Eso es lo que sentía en muchas ocasiones al pasar por la calle Genaro Garza García. Para entrar a esta recta debes antes dejar atrás la transitada avenida Eugenio Garza Sada, grandilocuente arteria, soberbia, exultante, que cada día ve pasar infinidades de individuos perdidos en su camino en busca de algo tan lejano y a la vez tan cercano.
Lo encontré en la calle Genaro Garza García. En lo más ínfimo de la subida, humilde y abandonada, dañada por la acción inhumana, sucia y descuidada. Tras un mecánico y un carrito de venta de tacos varias 'barracas' se alineaban con sus paredes de madera o chapa y sus techos indefensos al tiempo y la naturaleza.

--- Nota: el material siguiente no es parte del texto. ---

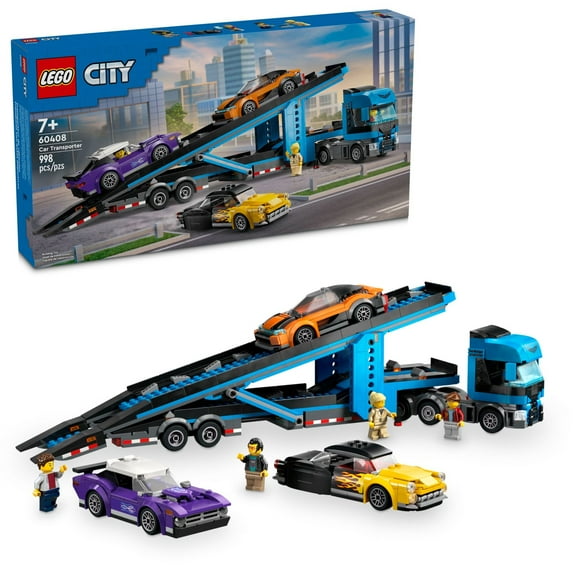LEGO City Car Transporter Truck with Sports Cars Playset, Car Toy, 4 Vehicle Toys for Ages 7 and up, 60408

Subiendo llegabas a mejores hogares, más acomodados; como si la misma carretera nos clasificara a los tipos de familias según los niveles de bienestar. Abajo, donde antes se inunda la calle, lo pobre, lo bajo. Arriba, como en un atril, lo rico, lo alto, lo bueno. Y en medio allí estaban ellos.
Un grupo de niños y niñas que descalzos jugaban y reían. Unos pequeños que crecían en medio de la tristeza, del horror, en medio de la nada, porque nada tenían. Enfrente, su madre, abandonada por su marido, sobreviviendo vendiendo víveres, luchando para ella y los pequeños.
Y allí estaban ellos. No me pregunten por qué, porque no lo sé. Pero verlos me hacía feliz. Me regalaban su alegría, la compartían conmigo, sólo con sus sonrisas. Son destellos de felicidad. No la busqué, pero la pelota llegó a mis pies. Es la calle Genaro Garza García. Hoy lo he recordado. Tampoco sé por qué. Y nunca, nunca, nunca, lo olvidaré.